The new 75,000-square-foot structure, which cost approximately $10 million, will consolidate the regional offices of the Department of Labor, the Department of Health and Human Services, and the Department of Education, now housed in several buildings in downtown Portland.
The appeal of consolidating agencies under one roof is to make the services more accessible for those who utilize them, LePage said. It will also cost less to lease in the long term than the space the agencies now occupy in Portland.
Yet the project has been criticized for reducing accessibility for Portland clients of the state agencies. ELC Construction, the low bidder for the project more than a year ago, was one of four bidding companies, two of which were in Portland and the other in South Portland.
The state signed a 30-year lease with ELC owner Eric Cianchette, a financial supporter of LePage’s gubernatorial campaign, and construction by Landry-French Construction of Scarborough began in July.
When asked to respond Monday to criticism about the decision to move to South Portland, LePage said, “Get over it. This (building) is going to save the taxpayers $23 million … taking the bus won’t hurt anybody.”
To accommodate clients traveling to the new facility from Portland, METRO bus line No. 5 will be altered starting Jan. 11. It will reduce the time it takes to get to and from the new building from downtown Portland by cutting out a stop at the Portland Transportation Center.
Julie Rabinowitz, spokeswoman for the Department of Labor, touted the building’s “ultra-thermal envelope,” which should reduce energy use and costs; the building’s operating costs will be about $1 per square foot, compared with $5 per square foot at the existing Portland Career Center, Rabinowitz said.
“We’re very proud of what we’ve been able to do,” said Ken Cianchette, son of building owner Eric Cianchette.
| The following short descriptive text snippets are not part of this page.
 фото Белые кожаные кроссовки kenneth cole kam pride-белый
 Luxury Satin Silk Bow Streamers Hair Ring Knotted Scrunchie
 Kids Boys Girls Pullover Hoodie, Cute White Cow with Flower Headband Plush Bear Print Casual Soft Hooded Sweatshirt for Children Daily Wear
He and LePage lauded the fact that the project was completed using only Maine workers.
“If people want to know what epitomizes Paul LePage, this building epitomizes every single thing I think about government,” LePage said. “We are going to bring efficiency to Maine.”
Approximately a quarter of the building will be devoted to Department of Labor services, and the remaining three-fourths will be utilized by the Department of Health and Human Resources, Cianchette said.
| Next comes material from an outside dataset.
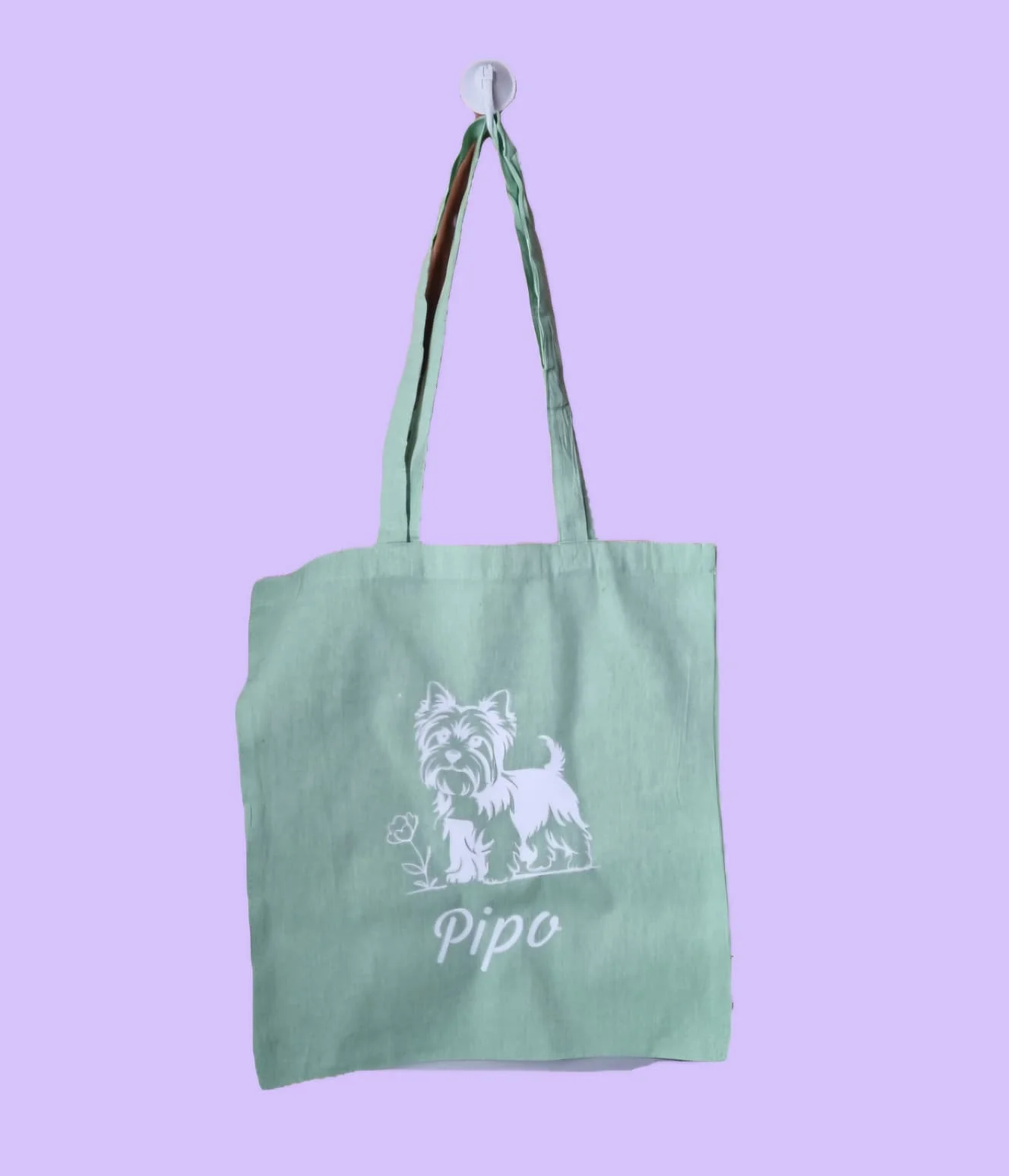 Tote bag turquesa con dibujo de perro y nombre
DHHS Commissioner Mary Mayhew said the consolidation will allow the departments to “more holistically” meet the needs of clients.
Labor Commissioner Jean Paquette applauded the philosophy-turned-reality as a result of the consolidation: partnering between departments “helps create that pipeline of skilled workers by bringing people back to the workforce … we will be a soft hand-off place.”
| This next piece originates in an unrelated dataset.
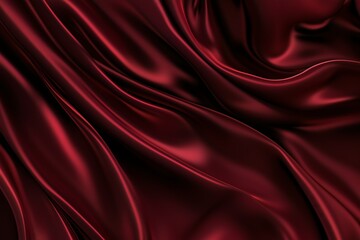 Fototapeta premium Crimson elegance of luxury fabric with intricate folds, Velvety red textile with deep curves and rich texture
Cohen alluded to the advantage of having such a facility in South Portland.
“Yesterday, we cut a ribbon for a state-of-the-art high school,” the mayor said. “Here, we are cutting a ribbon for a state-of-the-art office building.”
The building, whose interior is still mostly vacant, is scheduled to open to the public Jan. 26.
Gov. Paul LePage, right, speaks at a ribbon-cutting ceremony for a new state office building Monday afternoon in South Portland. He is joined by South Portland Mayor Linda Cohen, left, Department of Labor Commissioner Jeanne Paquette, Department of Health and Human Services Commissioner Mary Mayhew, builder Kevin French of Landry-French Construction, and developer Ken Cianchette.
The new regional Maine Department of Labor and Department of Health and Human Services building will be open to the public Jan. 26 at 151 Jetport Blvd. in South Portland.